The right then has added hauliers and farmers to their ranks. Instead of being a largely single issue movement focused on immigration, the emerging Irish right is now a coalition. Those with legal immigration concerns, IPAS protestors, hauliers and farmers are up for grabs and that gives ample room for winning messaging on doorsteps.
And there is another key constituency to be won over. 40% of all working people under 35 still live in their childhood bedrooms. Leftists can’t offer them a way out because their economic platforms are built on more government intervention in housing, more social housing, more migrant housing – all of which eat into private housing stock. Independent Ireland in particular are well placed here to win over voters with their economic platform that focuses on tax breaks and cutting red tape to spur building projects rather than direct interference in existing stock. The party would do well to tap into those young people still living at home. It is a large cohort.

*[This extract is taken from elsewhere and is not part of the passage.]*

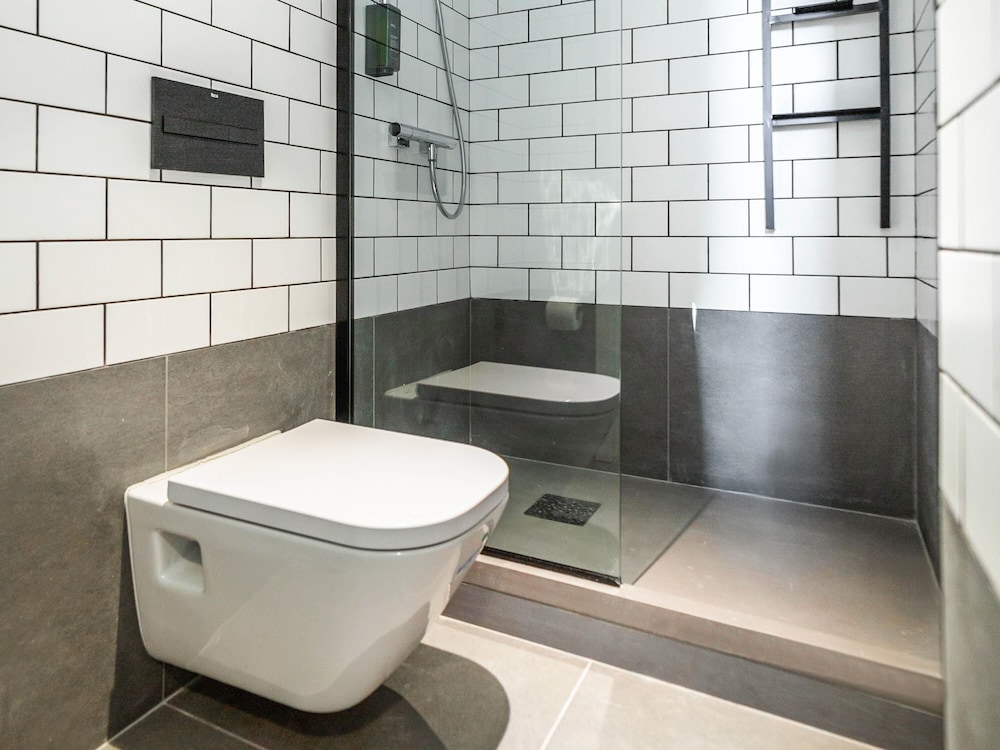 Habitación estándar doble, 1 cama doble del hotel ibis Porto Centro Mercado Bolhao. Foto 6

Any party that would promise to tax vulture funds out of Ireland, link their slimy profiteering to Fianna Fáil and Fine Gael’s disastrous post-bailout handling of the housing market would free up existing stock for young working people to move out of home. Crucially, they must promise to reduce legal migration by pruning the FDI economy to suit Ireland’s youth graduate profile. That means weaning off of US tech multinationals who overwhelmingly hire from abroad and fundamentally shifting how we engage with FDI – that is, it must serve Irish needs and not the other way around.

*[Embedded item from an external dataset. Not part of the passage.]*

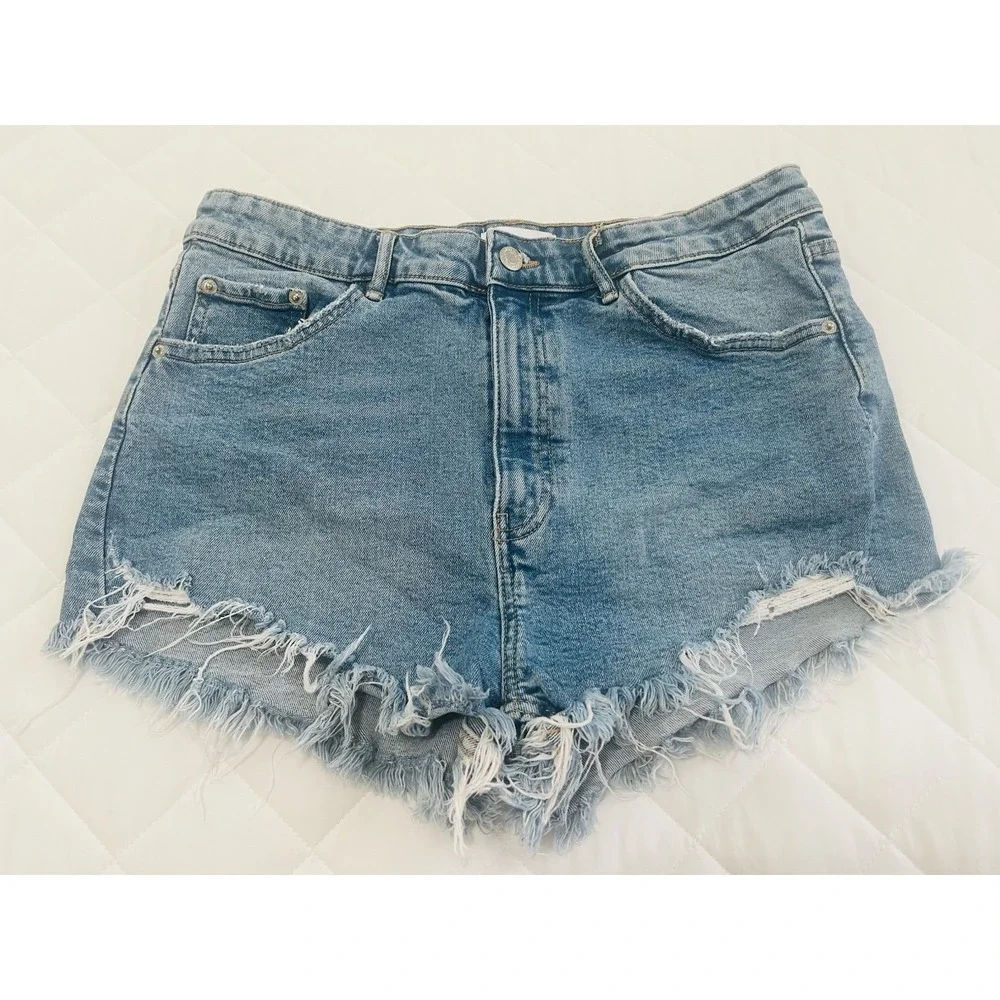ZARA Women's High Rise Denim Shorts Raw Hem Minimal Distressed Blue Jean Size 12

Most importantly, any emerging multi-coalition right wing party must inspire. It must not simply be a pushback against the left’s political dominance in Ireland. It must offer a coherent and inspiring vision for a new Ireland. Paint an economic and social picture of Ireland that will inspire them to stay – a place where they will be prioritised. The only way to do that is to promote indigenous industry. Promise tax cuts on business startups and on VAT to domestic businesses across industries, and fill the gap in tax by diverting wasted billions from radical left activist NGOs, IPAS accommodation and funding national media outlets. In 2025 alone, €1.2 billion was spent on IPAS accommodation. Over €6 billion was spent on NGOs (of course many of these are essential, radical left activist ones such as the National Women’s Council, the Immigrant Council of Ireland, Pavee Point etc. are not). €800 million was spent on foreign aid and €225 of an ongoing €725 million bailout was paid to RTE alone. That kind of capital represents a lot of tax breaks and infrastructural development to kickstart a domestic industrialisation programme.

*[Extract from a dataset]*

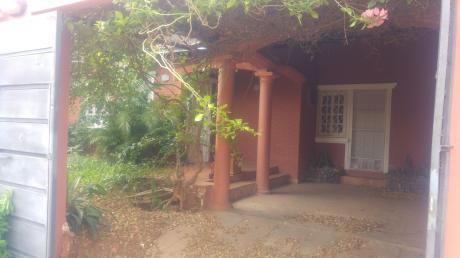 En Alquiler! Amplia Casa En Luque Zona Los Jardines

Give young people a vision of Ireland to be excited about. When Ireland emerged as an independent nation, W.T Cosgrave inspired the nation with the construction of the Ardnacrusha hydroelectric power station in Clare. It invigorated a nation. For Ireland 2.0, set the youth the task of being the generation that secures homegrown energy self-reliance. Make Ireland a hub for innovation in small modular nuclear reactors. Unshackle oil and gas exploitation off our coasts. Build university hubs and associated industrial infrastructure to support these innovations.
Ireland is currently a drab place for Ireland’s young. Stay at home in your childhood bedroom and go work in the nearest US multinational for your whole life. Compare that to what could be – an Ireland in which youth is seen as our greatest resource and in which they’re economically supported to turn ideas of self-reliance into reality and to make Ireland a world-leader in cutting edge technologies.
There’s a new Ireland there for the taking for the right. This week its coalition broadened. Add an economic vision of self-reliance and empowerment of youth and see it reach a tipping point.